The construct of worldview examines how beliefs about the self and the world interact to affect behavior. The following are two examples. Individuals with a high sense of self-efficacy may be more likely to engage in preventive behaviors because they believe that their actions will result in reduced harm (the self-controllability dimension). This may be amplified by the belief that the world is inherently just and that misfortune will not come to those who are good, decent, and try hard (the justice world dimension). However, this behavior may be undermined if individuals believe that they are not worthy of receiving good things (the self-deservingness dimension) and/or that bad things arbitrarily befall on people in the world (the randomness world dimension).

This notion is akin to the psychological theory of attribution, which studies individuals' tendency to see the world in a habitual way and how it can lead to habitual behavioral responses. Attribution theory takes this notion one step further to suggest that if one believes the world to be uncontrollable, as in the example above, it is likely that one will actually experience an uncontrollable world, in part due to the self-fulfilling prophesy. One example in medical decision making is the impact of misperception. If individuals hold the view that cancer is a death sentence, they are more likely to abstain from efforts to prevent or treat cancer; therefore, if diagnosed with cancer, it is likely to be at a later stage when overt symptoms develop (such as acute pain, uncontrolled bleeding) and medical treatment becomes necessary. Because the cancer was not caught early, treatment options become limited and the chance of survival dramatically decreases, tragically confirming their initial belief.

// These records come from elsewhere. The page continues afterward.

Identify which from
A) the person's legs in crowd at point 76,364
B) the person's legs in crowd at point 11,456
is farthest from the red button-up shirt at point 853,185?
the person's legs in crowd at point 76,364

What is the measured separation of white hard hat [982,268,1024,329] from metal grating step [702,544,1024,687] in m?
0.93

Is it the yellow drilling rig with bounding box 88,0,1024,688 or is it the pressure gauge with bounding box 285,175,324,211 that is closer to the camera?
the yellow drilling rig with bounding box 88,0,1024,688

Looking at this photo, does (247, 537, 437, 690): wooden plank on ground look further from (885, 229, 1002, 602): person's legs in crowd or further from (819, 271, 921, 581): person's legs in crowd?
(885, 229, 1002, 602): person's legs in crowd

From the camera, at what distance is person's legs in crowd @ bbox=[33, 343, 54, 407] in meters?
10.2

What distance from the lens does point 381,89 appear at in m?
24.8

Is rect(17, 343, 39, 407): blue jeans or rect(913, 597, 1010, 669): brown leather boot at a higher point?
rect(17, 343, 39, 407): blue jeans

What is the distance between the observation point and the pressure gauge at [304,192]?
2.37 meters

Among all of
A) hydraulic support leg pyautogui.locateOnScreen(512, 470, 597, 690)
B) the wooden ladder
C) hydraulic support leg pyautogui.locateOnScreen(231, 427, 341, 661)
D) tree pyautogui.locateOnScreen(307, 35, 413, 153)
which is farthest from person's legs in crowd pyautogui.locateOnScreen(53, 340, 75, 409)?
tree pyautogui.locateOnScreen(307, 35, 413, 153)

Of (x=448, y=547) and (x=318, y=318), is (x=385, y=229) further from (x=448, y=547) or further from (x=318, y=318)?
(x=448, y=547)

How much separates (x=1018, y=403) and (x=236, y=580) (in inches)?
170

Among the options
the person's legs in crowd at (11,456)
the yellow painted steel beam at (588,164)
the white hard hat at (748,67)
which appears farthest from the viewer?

Imagine that this misperception was prevalent in a community at high risk for developing cancer, and as a result, community members engaged in little to no prevention. If policy makers failed to identify their worldview, they might assume that low cancer-screening rates were due to structural factors, such as limited access to screening centers. This mismatch in worldviews could lead policy makers to invest their limited healthcare dollars in the development of a screening center easily reached by public transportation rather than the more appropriate, and less costly, intervention aimed at addressing the community's misperceptions.

Therefore, a more informed understanding of how individuals perceive themselves, combined with specific beliefs about the world, may help

(a) identify those at increased vulnerability for experiencing poor health outcomes and (b) inform the development of appropriate, targeted interventions.